= Work task =
Once you find the line below that has "Leukoplast Low Adherent", output it and every line after it exactly, stopping after the line that has "Pantaloncini casual da", with no pictures.

= Available data =
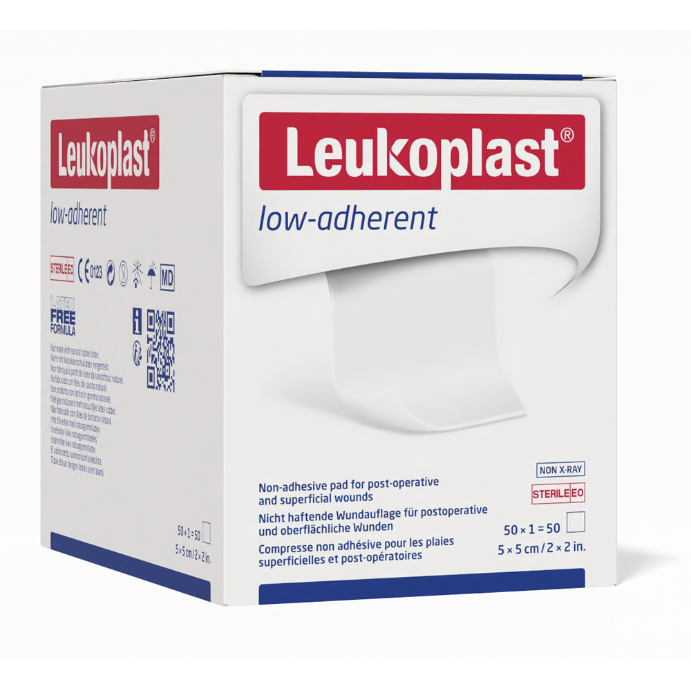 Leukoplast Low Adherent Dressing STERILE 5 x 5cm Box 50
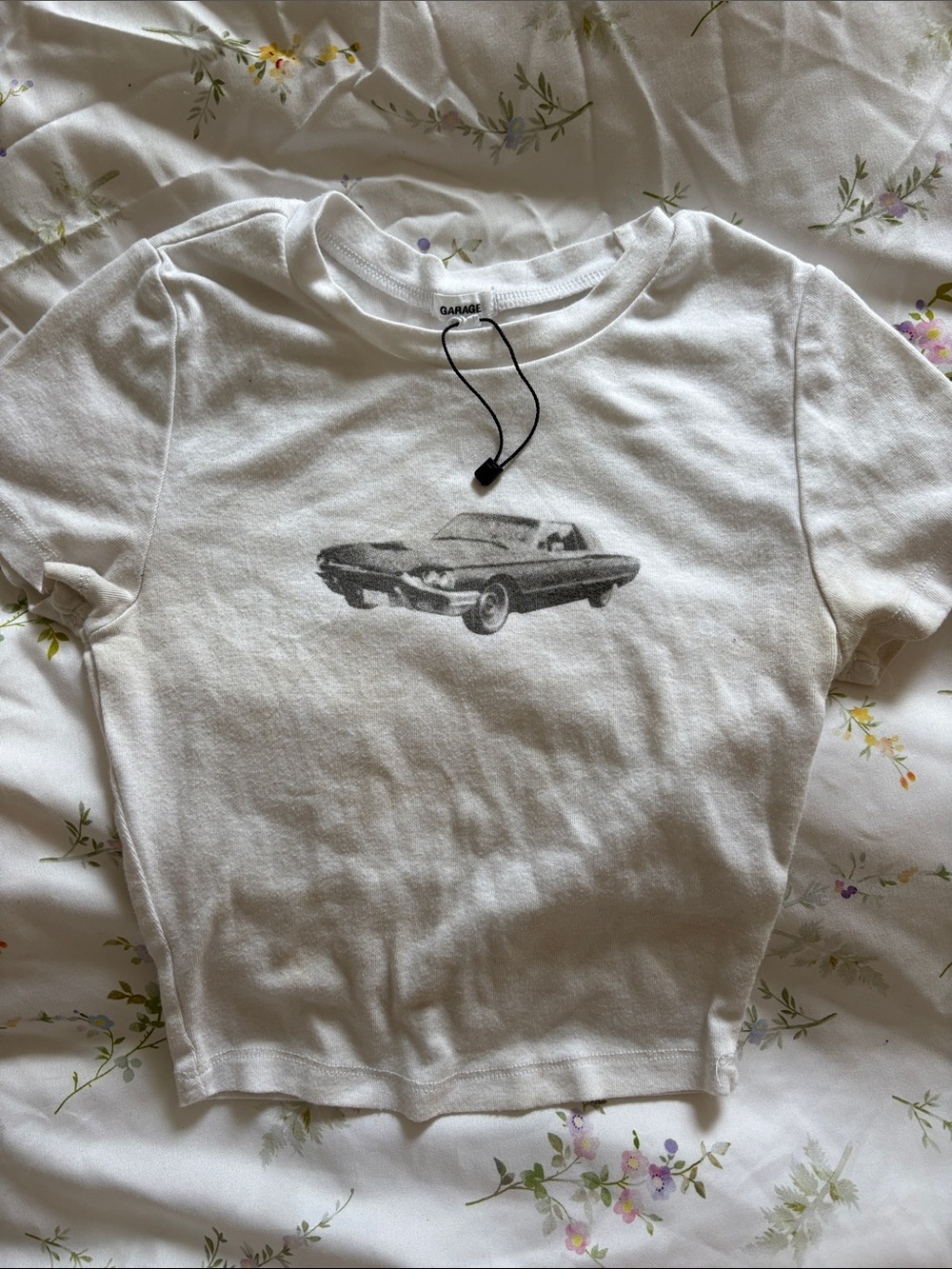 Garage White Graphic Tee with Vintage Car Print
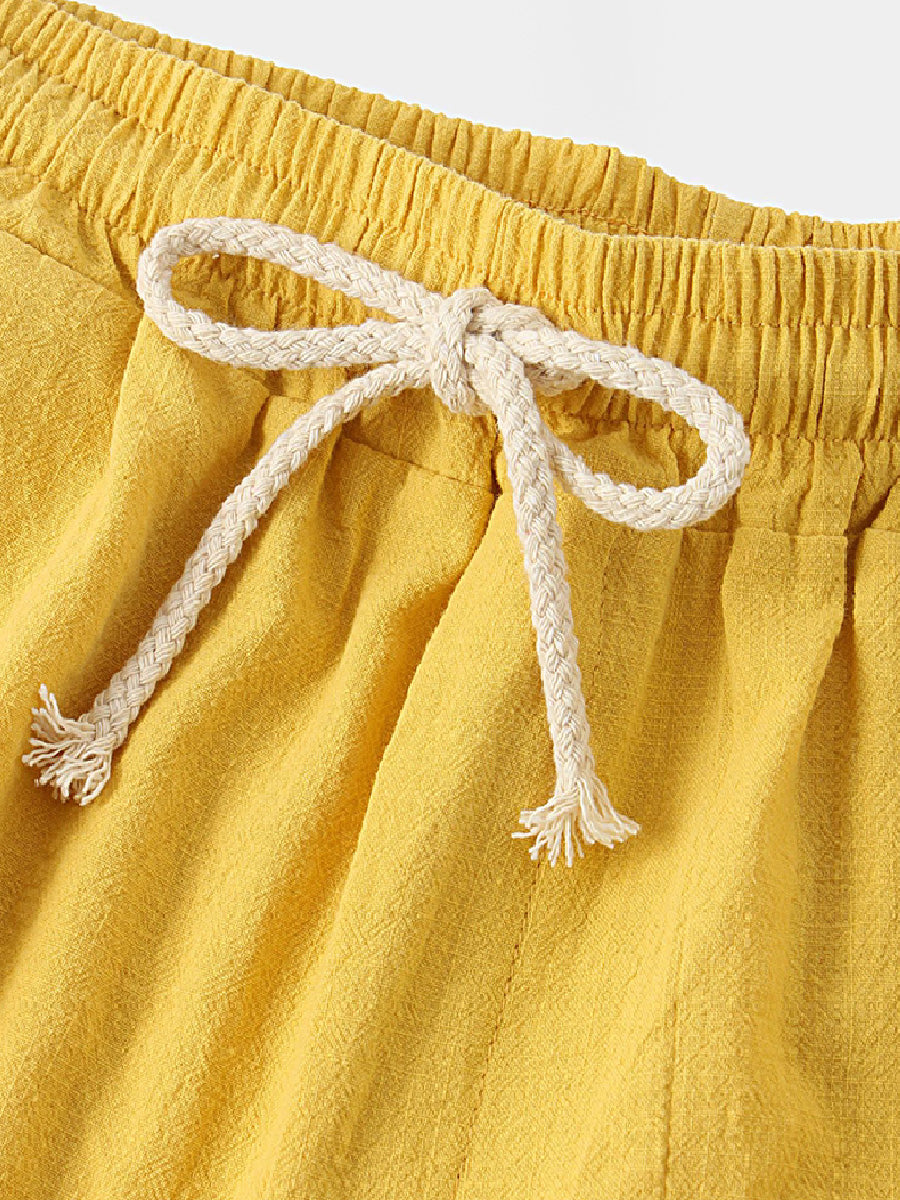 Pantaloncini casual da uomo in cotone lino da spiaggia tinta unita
==
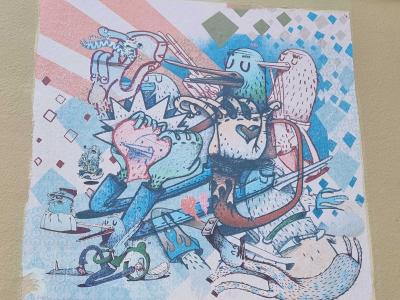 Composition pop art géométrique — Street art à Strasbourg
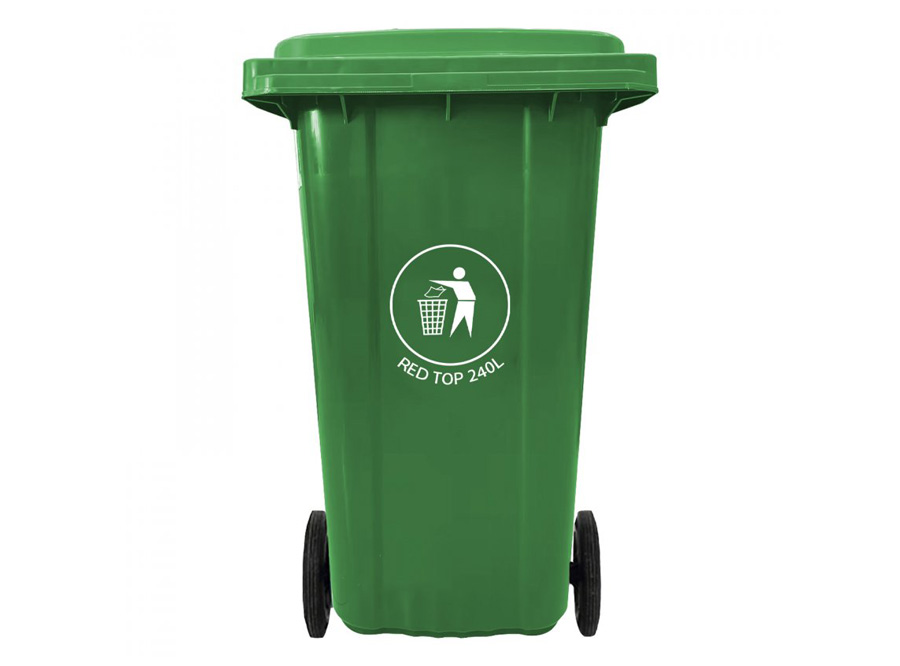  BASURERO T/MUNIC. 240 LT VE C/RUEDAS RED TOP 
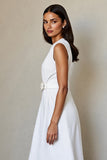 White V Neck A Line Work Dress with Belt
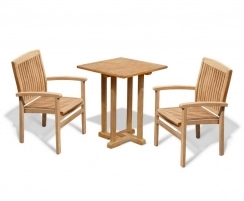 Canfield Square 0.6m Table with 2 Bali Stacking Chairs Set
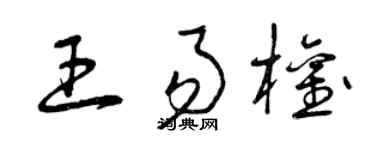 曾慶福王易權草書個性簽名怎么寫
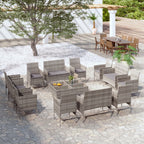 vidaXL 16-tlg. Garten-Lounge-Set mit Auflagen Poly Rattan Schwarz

= Reply =
 Leukoplast Low Adherent Dressing STERILE 5 x 5cm Box 50
 Garage White Graphic Tee with Vintage Car Print
 Pantaloncini casual da uomo in cotone lino da spiaggia tinta unita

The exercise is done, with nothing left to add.